The Sitting Bull Monument is located about seven miles southwest of Mobridge. Chief Sitting Bull, or Tatanka Iyotake, was a Hunkpapa Teton Sioux spiritual leader. In the 1870s, Sitting Bull had relocated to the Standing Rock Indian Reservation near the Grand River in present day Corson County. He became a great spiritual leader and organized a resistance movement against US expansion on treaty-reserved lands. On December 15, 1890, nine years after surrendering to the US government, he was shot to death by Indian police. The police had been executing an arrest warrant in order to prevent Sitting Bull from attending a Ghost Dance revivalist ceremony. The warrant was issued by Indian Agent James McLaughlin, the namesake of the current local community of McLaughlin, SD. Sitting Bull was buried about 500 yards south of the agency cemetary in present day Ft. Yates.

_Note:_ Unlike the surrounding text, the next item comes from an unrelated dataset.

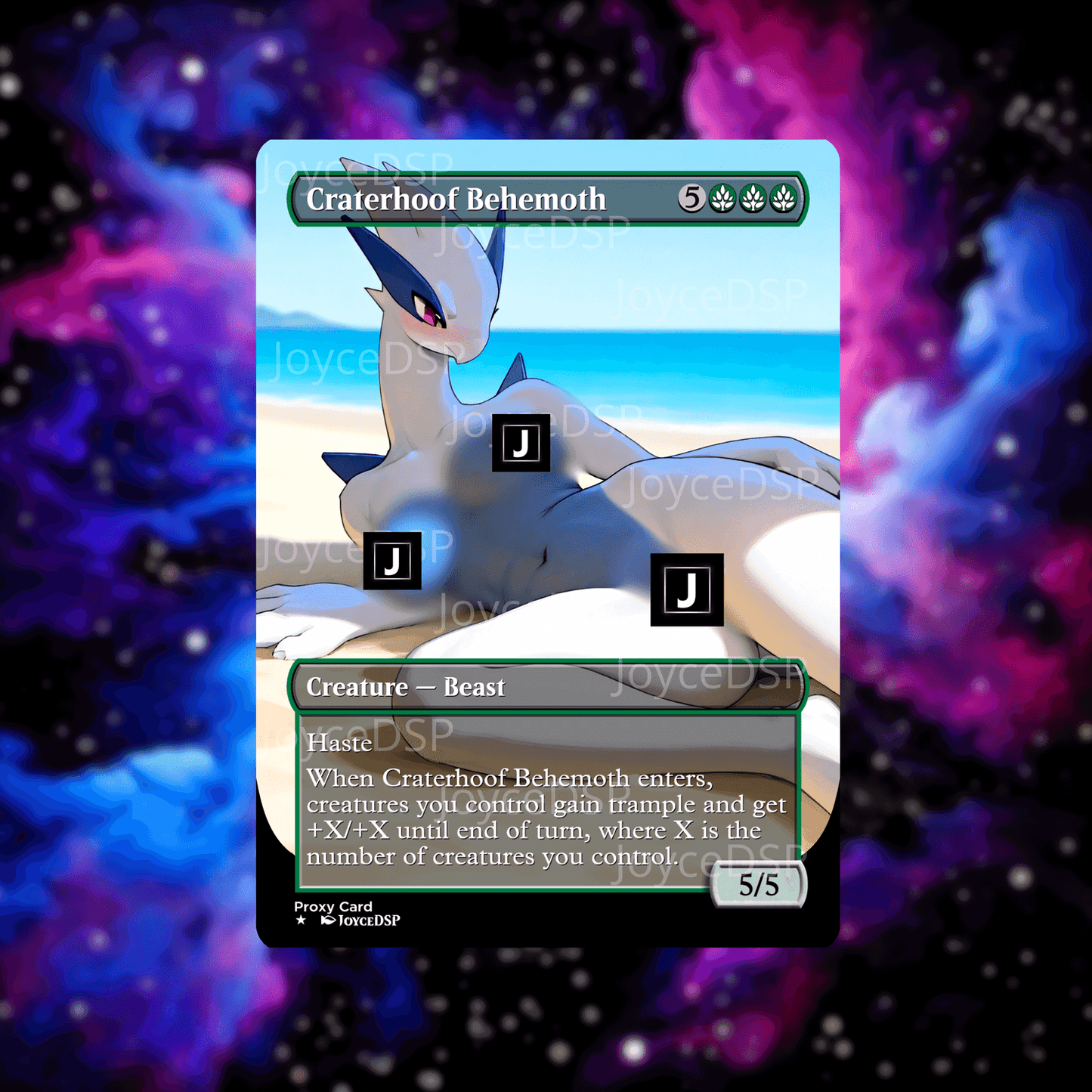 Craterhoof Behemoth Proxy Card - High-Quality MTG Proxies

The tragedy of his death has been compounded by the story of his remains. In 1953, one of Sitting Bull's descendants by marriage, Clarence Grey Eagle (the son of one of the Indian police who arrested Sitting Bull), and a group of businessmen from Mobridge obtained an opinion from the Bureau of Indian Affairs that the descendants of Sitting Bull should determine his final burial site. On April 8 of that year, the group used the BIA letter as justification the clandestine relocation of the great chief's remains to a site in the southern portion of the Standing Rock Reservation that overlooks the Missouri River near Mobridge.

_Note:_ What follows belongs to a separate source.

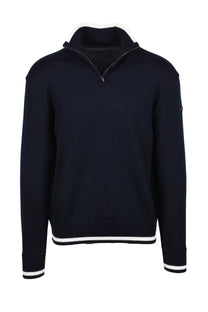 Paul & Shark Half Zip Knitwear Navy & Cream Paul & Shark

Less than five months later, South Dakota dedicated a memorial to Sitting Bull on the site of the relocated remains. A bust created by famed sculptor Korczak Ziolkowski (well known for the Crazy Horse monument in the Black Hills) was erected to commemorate the gravesite. Ziolkowski boycotted the dedication ceremony for the monument by Governor Sigurd Anderson because exploiting the ceremony for political and economic gain was against the wishes of Sitting Bull's descendants.

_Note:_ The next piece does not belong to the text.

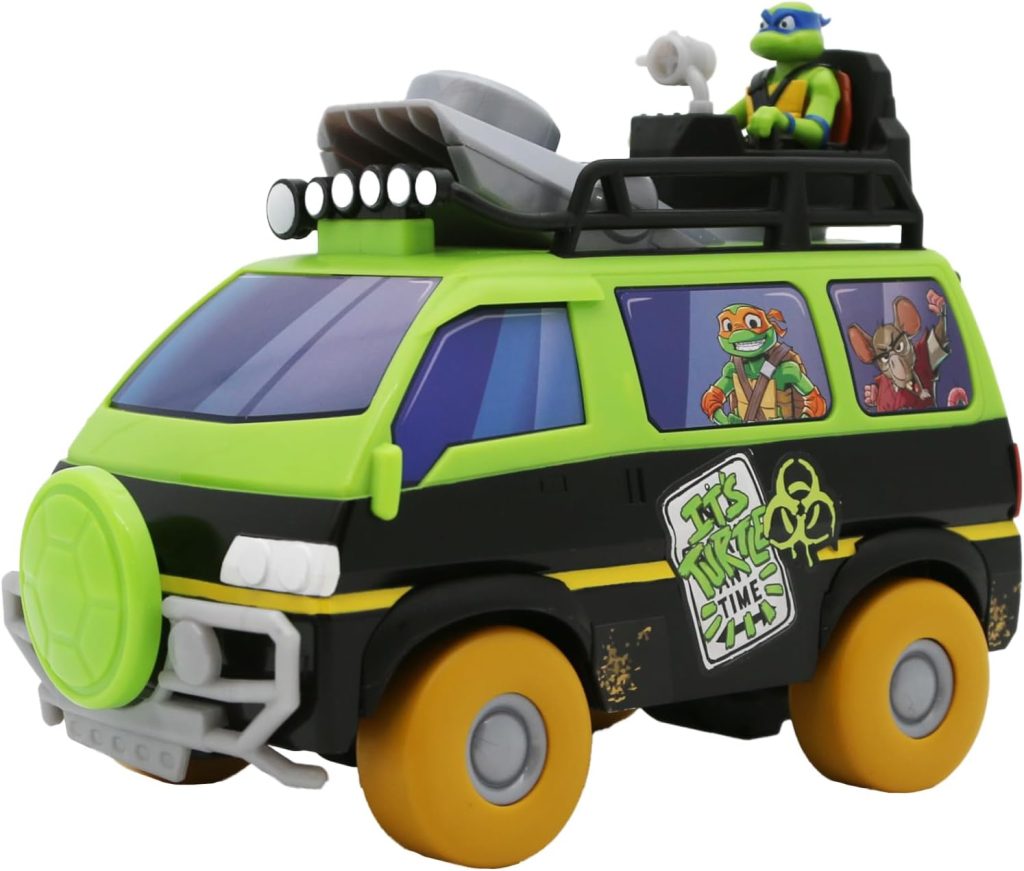 Teenage Mutant Ninja Turtles: Tales of The TMNT – Sewer Cap Striker RC Car | Full-Function Remote Control Vehicle | Launches 10 Foam Sewer Caps | Sewer Cap Remote Controller | Ages 6+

Both the original gravesite in Ft. Yates, ND and current site have tremendous significance today. Sensitive to the exploitation of Native Americans and the suspect way Sitting Bull's remains were handled in the past, a commitment has been made not to exploit or commercialize the Sitting Bull monument for financial gain. The statue is in an isolated park that remains serene, impressive, and free to visitors. A beloved local landmark with huge importance, it remains strikingly undeveloped and a beautifully secluded spot for picnic lovers and history buffs.